Zur Qualitätssicherung in Planung und Bauausführung ist vorgesehen, das Gesamtprojekt mittels Building Information Modelling (BIM) auf Revit-Basis zu entwickeln. Neben den vielen qualitätssichernden und Lebenszykluskosten sparenden Eigenschaften dieses zukunftsweisenden Instruments kann es auch zur thermischen Gebäudesimulation herangezogen werden, um eine hohe Behaglichkeit der Wohnungen in der Planung sicher zu stellen.


4. ÖKONOMIE
__ Kompaktheit und Effizienz
Günstiger und leistbarer Wohnraum durch flächeneffiziente Wohnungsgrundrisse und die daraus resultierende Kompaktheit.
Prinzip einer einfachen, durch alle Geschoße durchgehenden Tragkonstruktion
Effiziente Haustechnikplanung mit optimierter Schachtführung

__ Finanzierung
Ein Drittel der Wohnungen wird als Smart-Wohnungen mit Superförderung angeboten.
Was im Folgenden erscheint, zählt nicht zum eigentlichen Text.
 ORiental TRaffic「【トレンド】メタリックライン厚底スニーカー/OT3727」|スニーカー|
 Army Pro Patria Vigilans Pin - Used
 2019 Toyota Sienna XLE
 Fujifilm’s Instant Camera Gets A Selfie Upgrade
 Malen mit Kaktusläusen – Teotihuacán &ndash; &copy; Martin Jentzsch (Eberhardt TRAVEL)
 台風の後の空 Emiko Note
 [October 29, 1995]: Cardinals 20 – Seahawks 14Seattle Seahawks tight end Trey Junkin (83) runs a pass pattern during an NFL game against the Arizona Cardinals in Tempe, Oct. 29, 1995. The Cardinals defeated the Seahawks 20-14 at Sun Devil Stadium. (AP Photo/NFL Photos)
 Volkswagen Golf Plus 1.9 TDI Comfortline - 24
Hier beträgt der Finanzie¬rungsbeitrag € 60,--/m², die monatlichen Kosten liegen bei € 7,50 pro m² und Monat.
Die restlichen Wohnungen haben bei einem Finanzierungsbeitrag von € 433,00/m² monatliche Kosten von € 6,78/m². Der Grundkostenbeitrag für die Betreuungseinrichtung der MA 11 für Jugendliche beträgt € 298,00, es wird kein Baukostenbeitrag eingehoben. Die Bruttomiete beläuft sich auf € 9,93/m².
Hervorzuheben ist, dass der Baukosten-Finanzierungsbeitrag zur Hälfte erst vier Wochen vor Übergabe der Wohnun¬gen eingehoben wird.
Das Hypothekardarlehen wurde mit steigenden Annuitäten angesetzt, daher können günstige Anfangskonditionen gewährleistet werden.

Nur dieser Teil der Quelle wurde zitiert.